Leave the pictures behind and repeat all the entries exactly.

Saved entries
---------------

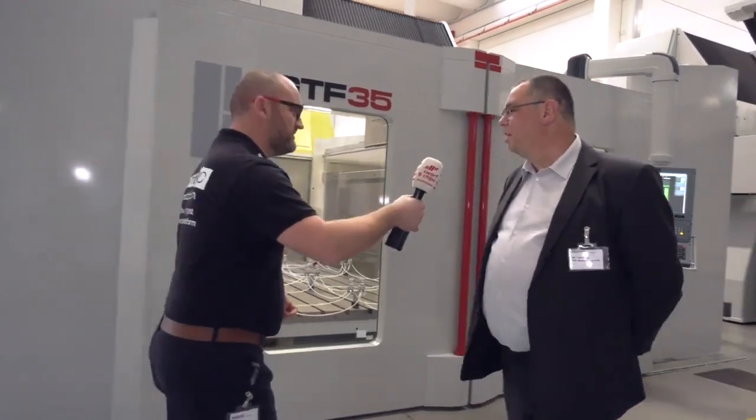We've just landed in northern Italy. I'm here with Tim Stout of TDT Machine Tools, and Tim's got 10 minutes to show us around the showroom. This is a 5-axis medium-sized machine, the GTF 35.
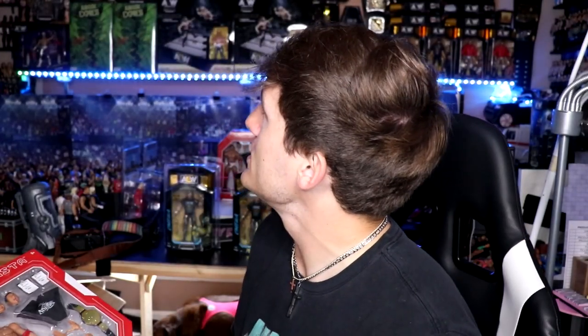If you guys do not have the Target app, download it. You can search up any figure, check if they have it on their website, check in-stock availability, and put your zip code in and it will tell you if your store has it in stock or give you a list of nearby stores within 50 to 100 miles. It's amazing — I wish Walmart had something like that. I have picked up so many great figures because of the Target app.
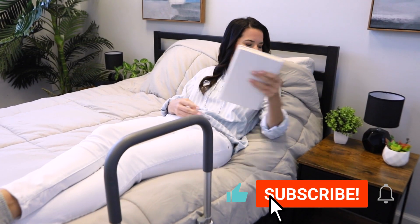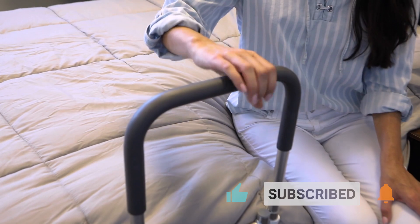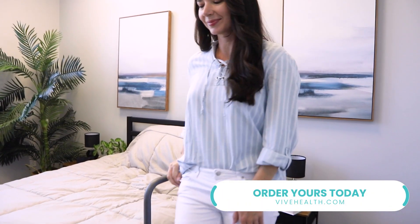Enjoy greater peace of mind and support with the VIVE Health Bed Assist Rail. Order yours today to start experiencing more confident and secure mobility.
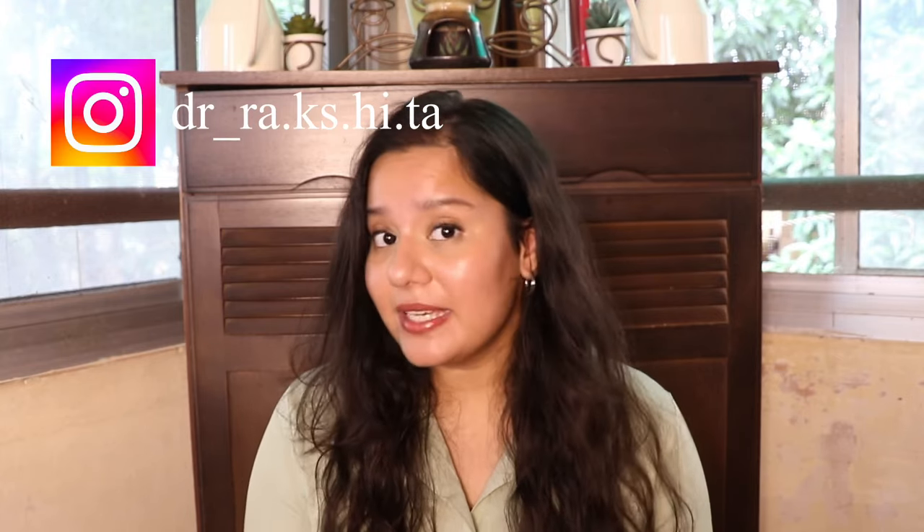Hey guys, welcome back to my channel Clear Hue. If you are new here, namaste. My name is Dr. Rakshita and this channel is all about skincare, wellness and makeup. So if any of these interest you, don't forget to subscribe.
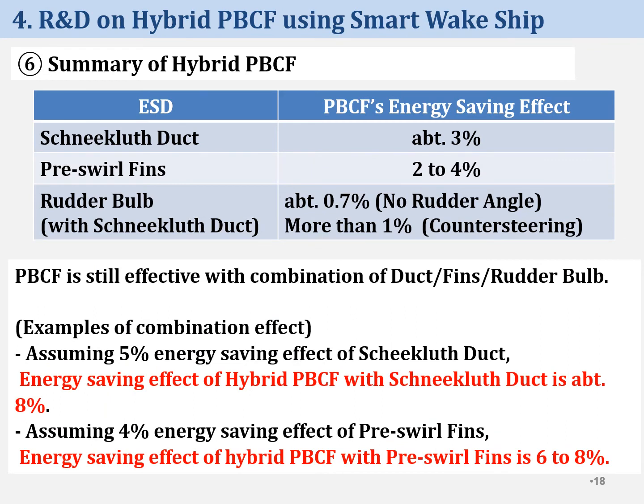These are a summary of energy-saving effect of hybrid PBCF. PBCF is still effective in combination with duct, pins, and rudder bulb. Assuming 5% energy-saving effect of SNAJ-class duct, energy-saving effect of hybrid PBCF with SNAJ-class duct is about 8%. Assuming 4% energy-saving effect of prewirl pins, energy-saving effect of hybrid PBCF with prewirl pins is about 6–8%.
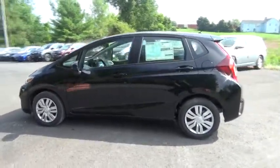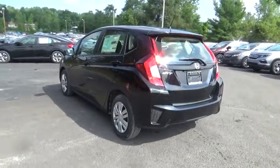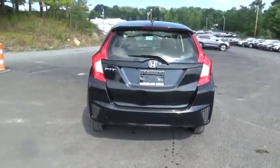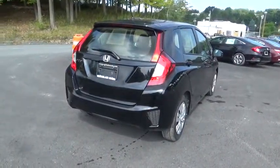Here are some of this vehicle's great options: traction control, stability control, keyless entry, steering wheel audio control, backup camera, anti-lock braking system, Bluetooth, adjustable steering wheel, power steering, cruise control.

---------------

Reply to the task »
We've just landed in northern Italy. I'm here with Tim Stout of TDT Machine Tools, and Tim's got 10 minutes to show us around the showroom. This is a 5-axis medium-sized machine, the GTF 35.
If you guys do not have the Target app, download it. You can search up any figure, check if they have it on their website, check in-stock availability, and put your zip code in and it will tell you if your store has it in stock or give you a list of nearby stores within 50 to 100 miles. It's amazing — I wish Walmart had something like that. I have picked up so many great figures because of the Target app.
Enjoy greater peace of mind and support with the VIVE Health Bed Assist Rail. Order yours today to start experiencing more confident and secure mobility.
Hey guys, welcome back to my channel Clear Hue. If you are new here, namaste. My name is Dr. Rakshita and this channel is all about skincare, wellness and makeup. So if any of these interest you, don't forget to subscribe.
These are a summary of energy-saving effect of hybrid PBCF. PBCF is still effective in combination with duct, pins, and rudder bulb. Assuming 5% energy-saving effect of SNAJ-class duct, energy-saving effect of hybrid PBCF with SNAJ-class duct is about 8%. Assuming 4% energy-saving effect of prewirl pins, energy-saving effect of hybrid PBCF with prewirl pins is about 6–8%.
Here are some of this vehicle's great options: traction control, stability control, keyless entry, steering wheel audio control, backup camera, anti-lock braking system, Bluetooth, adjustable steering wheel, power steering, cruise control.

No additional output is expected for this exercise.